Our children are likely feeling the effects of stress brought on by the COVID-19 pandemic. When we think about all that children have been through over the past year, it’s easy to understand why they might be feeling stressed out.

Most children have had to deal with an abrupt school closure and quick shift to at-home learning. They’ve been physically distanced from friends and extended family. Some may have had to cope with sick relatives, a caregiver’s job loss, or other worries.[5]

This is not to mention the regular everyday stressors children face: difficulties at school, playground politics, or changes to the family dynamic.

It’s also important to give children the opportunity to express why they are stressed themselves. This can help them identify stressors and learn to communicate their emotions.

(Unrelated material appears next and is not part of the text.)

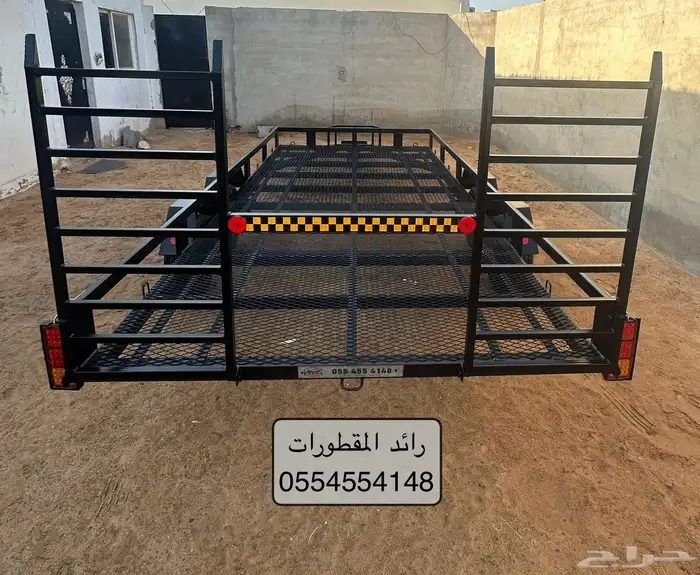 للبيع قلص بقي 4 ركاب جديد جاهز للتسليم 6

Plus, they may be feeling stress for completely different reasons than we assume.

Recognizing Symptoms of Stress in Children

Your children may not want or be able to express themselves if they are feeling stressed out. A stressed child might exhibit physical or emotional symptoms, however, which can alert you to their distress.

Physical signs of stress can be:

  • Changes to appetite
  • Nightmares
  • Bedwetting or sleep disturbances
  • Other physical symptoms with no illness[1]

Emotional signs of stress can be:

  • Anxiety
  • Clinginess
  • New or recurring fears
  • Not wanting to participate in activities[1]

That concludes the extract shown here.